Top of Supplied material

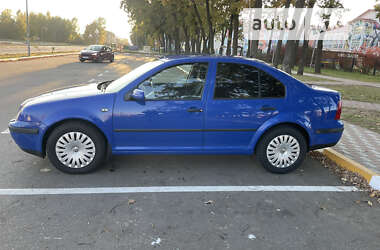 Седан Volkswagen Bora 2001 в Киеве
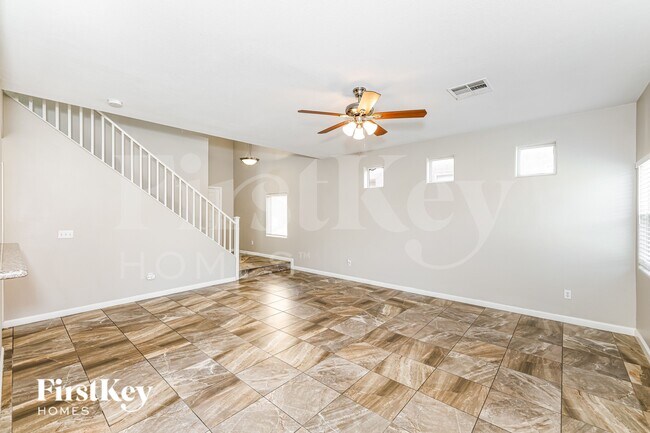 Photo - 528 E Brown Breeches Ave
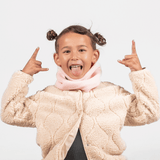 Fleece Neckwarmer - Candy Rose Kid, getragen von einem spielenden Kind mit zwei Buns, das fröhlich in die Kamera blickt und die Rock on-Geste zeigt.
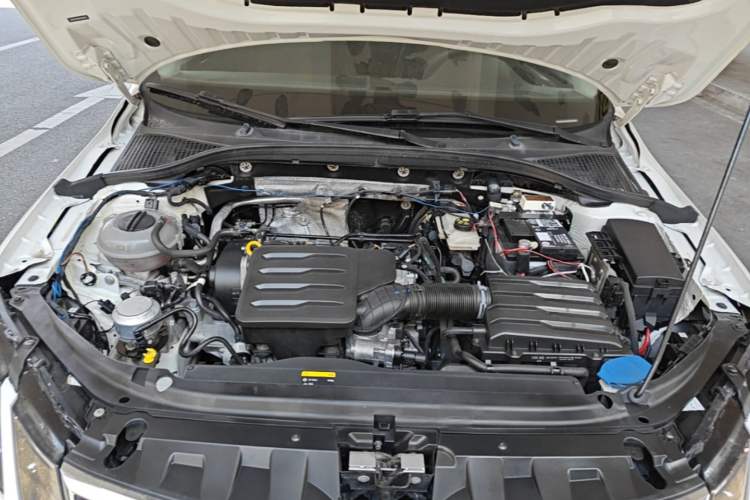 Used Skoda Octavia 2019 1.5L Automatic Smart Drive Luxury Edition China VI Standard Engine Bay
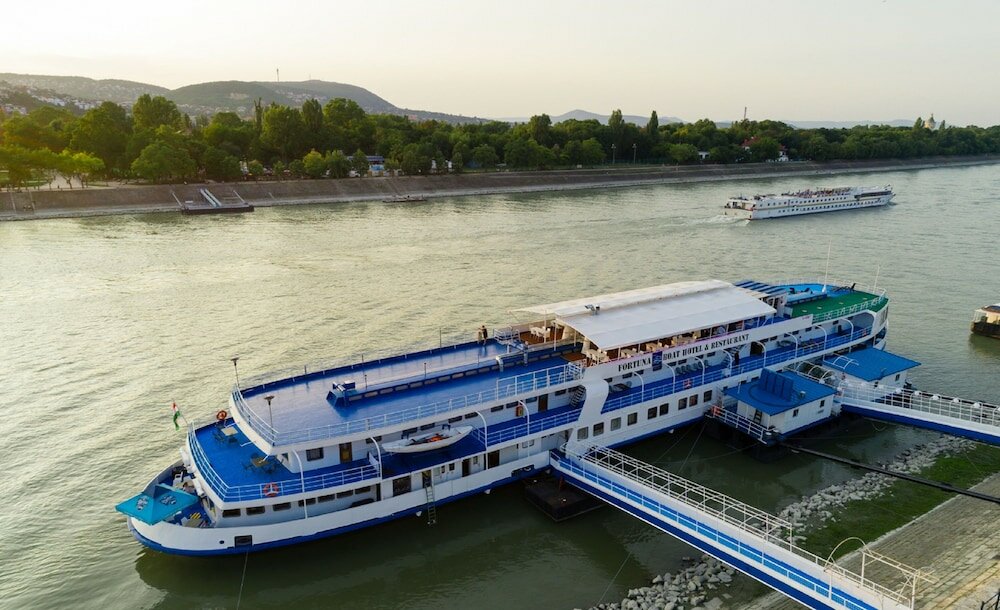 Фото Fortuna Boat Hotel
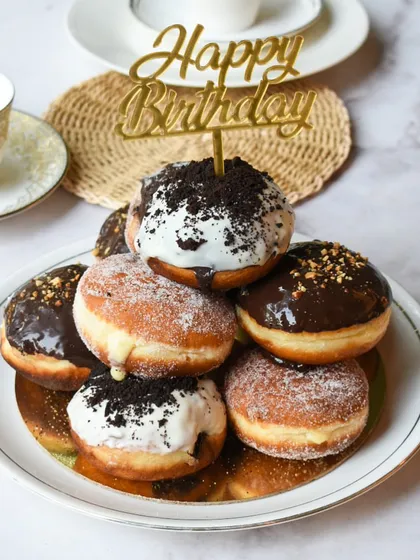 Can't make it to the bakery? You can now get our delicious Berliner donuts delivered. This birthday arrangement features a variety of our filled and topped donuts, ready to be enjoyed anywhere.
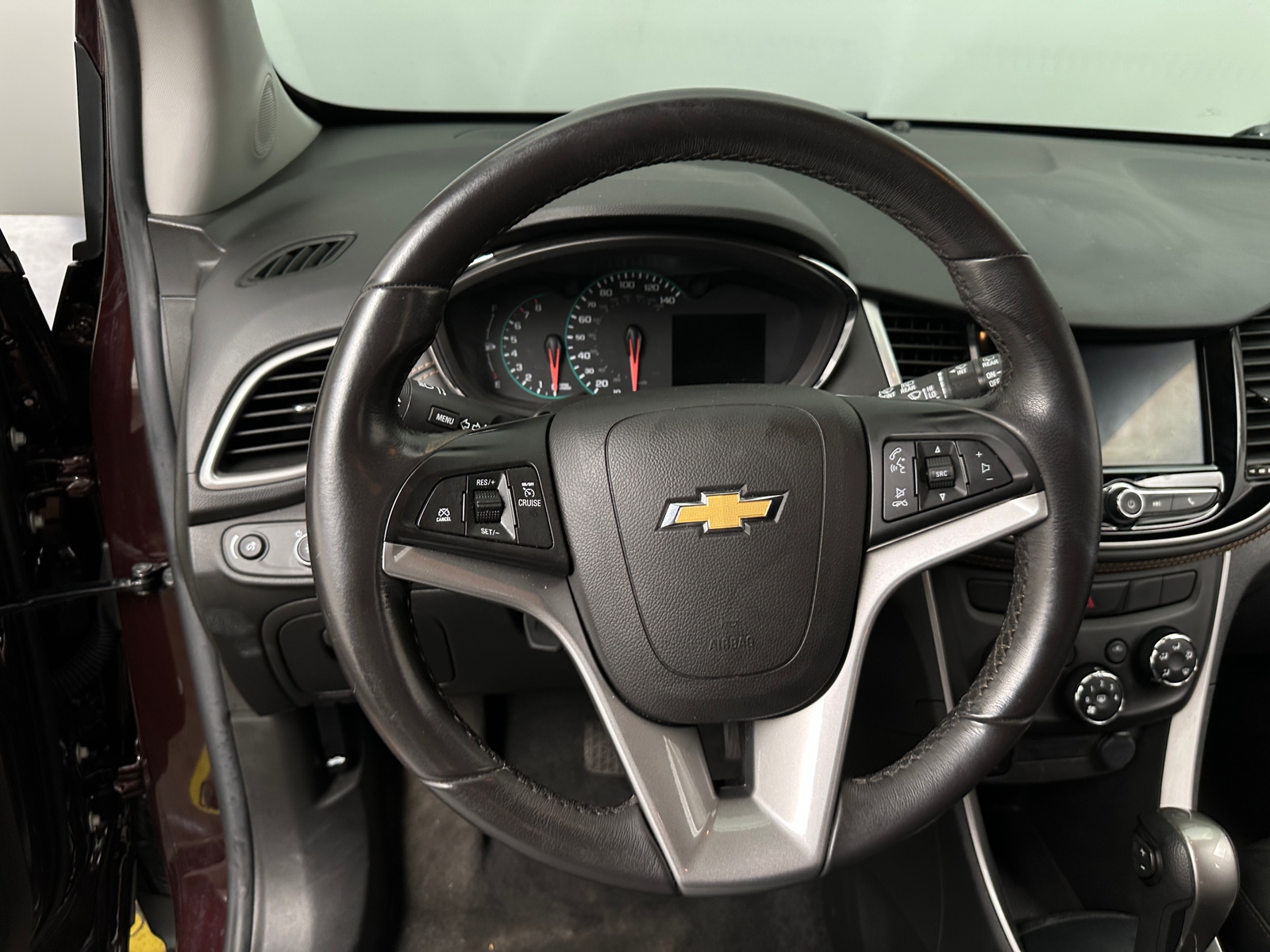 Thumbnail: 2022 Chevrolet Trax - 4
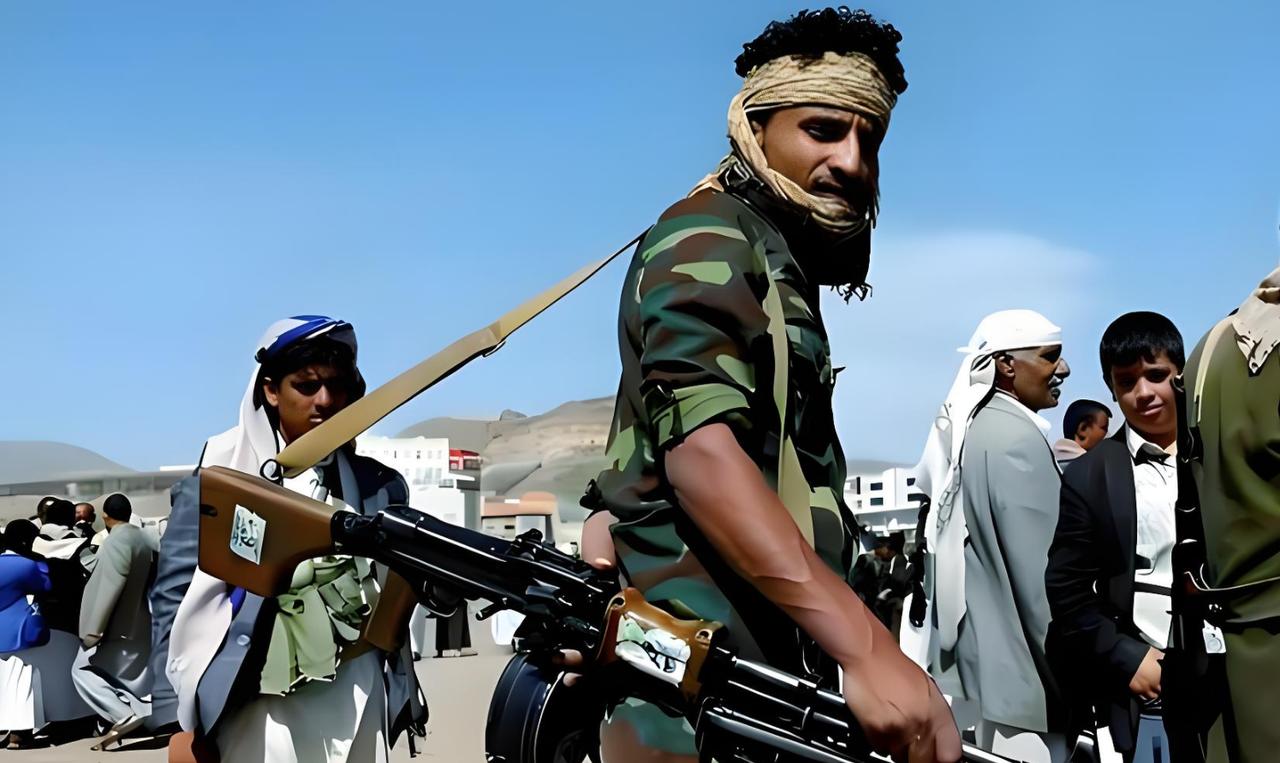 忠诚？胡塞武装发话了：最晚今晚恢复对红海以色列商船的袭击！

Bottom of Supplied material

_Your task_
Transcribe the records word for word and include no pictures.

_Answer box_
 Седан Volkswagen Bora 2001 в Киеве
 Photo - 528 E Brown Breeches Ave
 Fleece Neckwarmer - Candy Rose Kid, getragen von einem spielenden Kind mit zwei Buns, das fröhlich in die Kamera blickt und die Rock on-Geste zeigt.
 Used Skoda Octavia 2019 1.5L Automatic Smart Drive Luxury Edition China VI Standard Engine Bay
 Фото Fortuna Boat Hotel
 Can't make it to the bakery? You can now get our delicious Berliner donuts delivered. This birthday arrangement features a variety of our filled and topped donuts, ready to be enjoyed anywhere.
 Thumbnail: 2022 Chevrolet Trax - 4
 忠诚？胡塞武装发话了：最晚今晚恢复对红海以色列商船的袭击！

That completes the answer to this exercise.